Meet Lydia Wong.
We spoke with Lydia to learn about her career pathway that led to her current role at Experian, her role as a Senior Program Manager, and how Experian's Agile transformation has impacted her experience.
Tell us your story and career journey that led to your current role.
I started out in Web Development before moving on to hold a myriad of different generalist roles like Account, Product and Project Management roles in the last 10 years. I have a curious mind and enjoy anything unconventional. This has given me the depth and breadth of knowledge and experience to navigate around uncertainties with an open mind. Life is always in a state of flux so being in an Agile space helps me win half the battle.

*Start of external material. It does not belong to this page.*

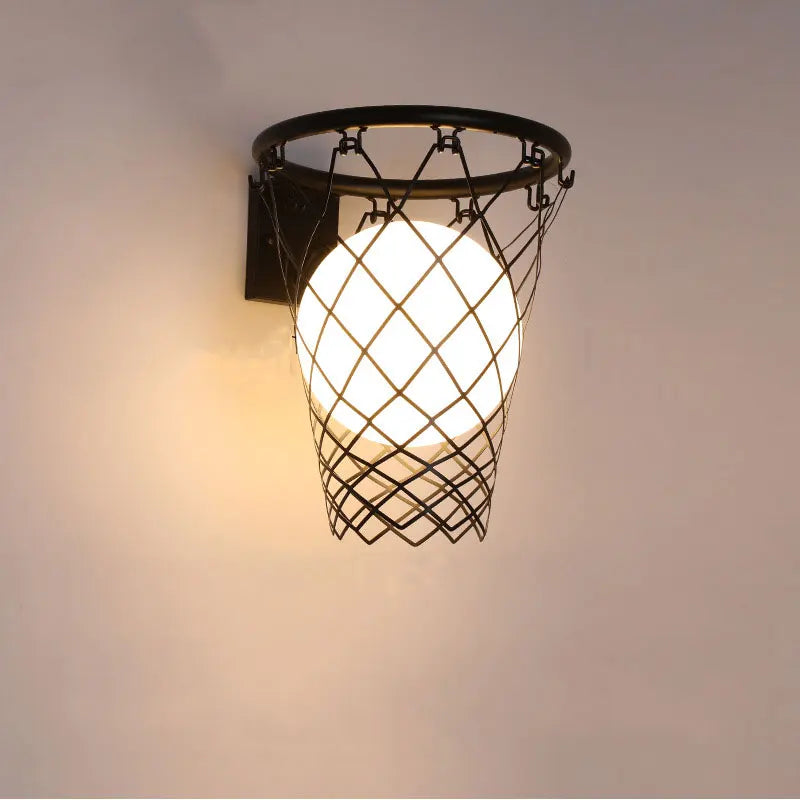 Afralia™ Basketball Wall Lamp: Nordic Creative, Personalized, Ideal for Various Rooms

What is the most exciting part of your role?
Growing and learning with the teams I work with. Opportunities to influence and coach coworkers on possibilities (growth mindset) and as a result, they make small, positive changes, moving closer towards the purpose they identify with. This positive impact to someone is extremely fulfilling.
What makes Experian stand out from other tech companies?
Experian deals with a niche tech solution space that hardly possesses any off-the-shelf buy option in the market. Software is predominantly customized across geographies due to the diverse nature of regulations. This demands our software solutions to be customized for specific markets requiring careful deliberation to arrive at common architecture / frameworks. This is also our USP — to accelerate speed to market. Most of the times, we see that our solutions are demanded at the same timeframe across the globe. Classic example is the growth of Privacy awareness & the nuances it carries to be addressed aggressively across markets with specific sizes to fit. We would like to be Innovators than Inventors — Hence, it is imperative that we creatively collaborate with both tech and data partners to craft the solutions. It is more of an art than science.
How has Experian’s Agile transformation impacted your role and experience?
Understanding the vision and value of why we do what we do and having the creative space to experiment and learn is liberating. This is true in my team where we run 2-week sprints to deliver product increments that we commit to at the start of each sprint. We experienced first-hand how the Agile values and growth mindset have helped the team stay focus and experimentative to deliver quality value. In the process they accumulate knowledge which contributes to their growth, a key factor to staff retention, and hedge against obsoletion, organizationally and individually.
Change management is top-down, bottom up and across the middle to make things happen. I hope this new way of working will continue to proliferate. Moving forward, I expect change to get easier with everyone onboard with a shared understanding and purpose to transform.
What’s one piece of advice you’d give to your younger self?
Dare to be vulnerable. We can never be the best but we can always strive to be better than yesterday.